He thinks of Jim Jordan as great on TV, he thinks Jim Jordan is one to defend basically whatever accusations he's being charged with.
And the president wanted Jim Jordan over on the Intelligence Committee.
He and Mark Meadows, also part of the Freedom Caucus, are in the president's mind his most effective defenders and this most pugilistic defenders, who are willing to go out and really take on his critics.
And the president has had now - has one more defender on the Intelligence Committee to ask questions, to interrogate witnesses, to really do the president's bidding.
ROBERT COSTA: What about John Bolton, the former national security adviser?
His lawyers say he has a lot to share, but he's waiting to see if the courts decide that he can break from executive privilege and actually appear on Capitol Hill.
Do Democrats need Bolton to make the most compelling case possible?

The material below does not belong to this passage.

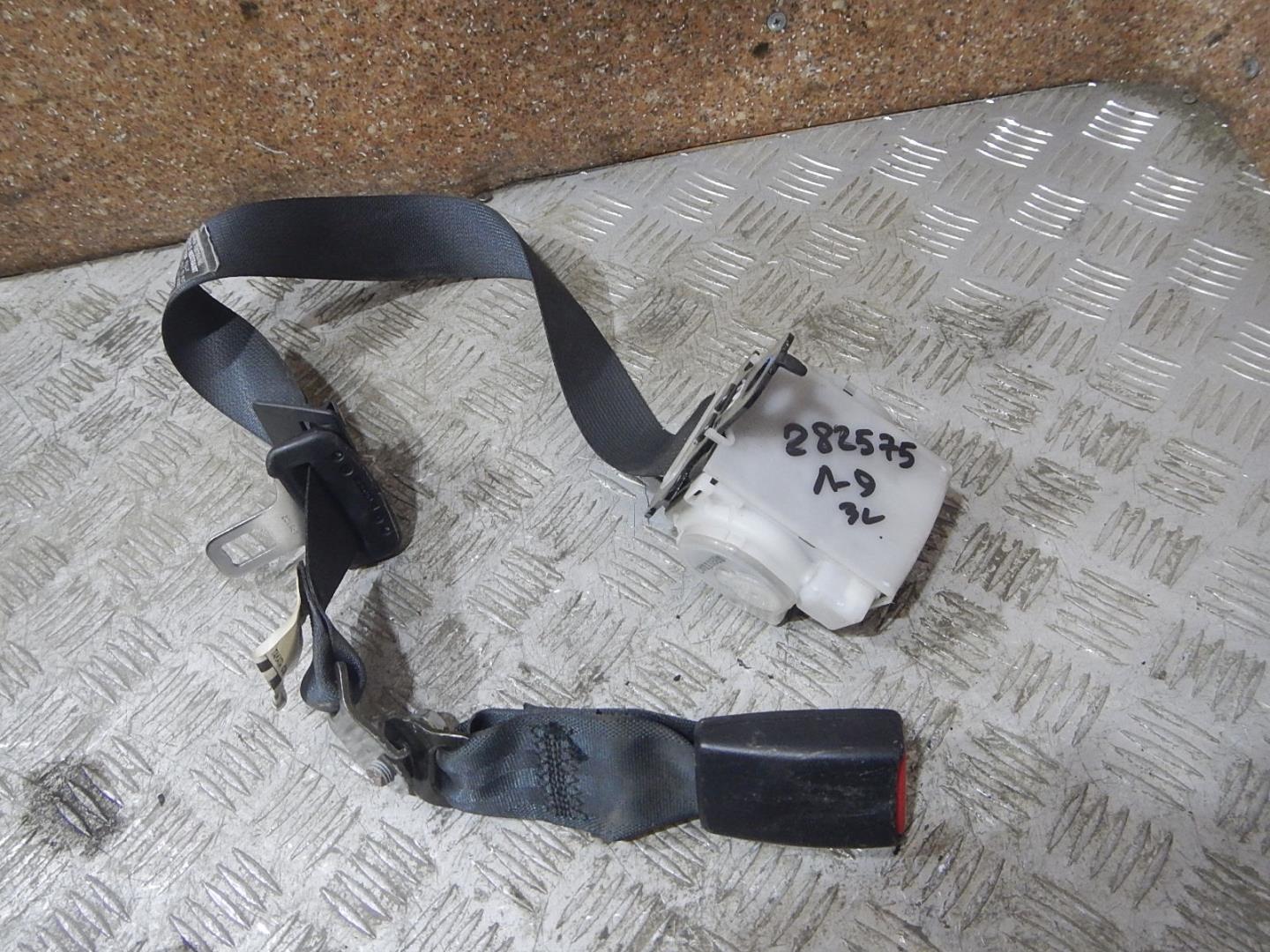 Ремень безопасности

ANITA KUMAR: I think that - I think a lot of people want to hear from John Bolton.
But I think the Democrats feel like they have a solid case, a good case.
That's why they're moving forward with the public testimony.
And as Sheryl mentioned, they're going to say every person who don't come, it's just obstruction.
That could be an article of impeachment.
They don't need those other people, and they're not going to wait for them.
JEFF ZELENY: I think the Bolton story would, though, help Democrats one with one thing they still have not done, is sold this story to the American people, explained the issue here.
I thought it was fascinating today that John Bolton's lawyer said he has relevant information that lawmakers do not know.
He didn't have to say that.
He could have said Mr. Bolton is going to wait until we hear from the lawyers.
So John Bolton is - ROBERT COSTA: Why is he saying that?
What's your reporting tell you?
JEFF ZELENY: I think that Mr. Bolton, as we know, is a great communicator.
He's one of the most effective conservative communicators in this town.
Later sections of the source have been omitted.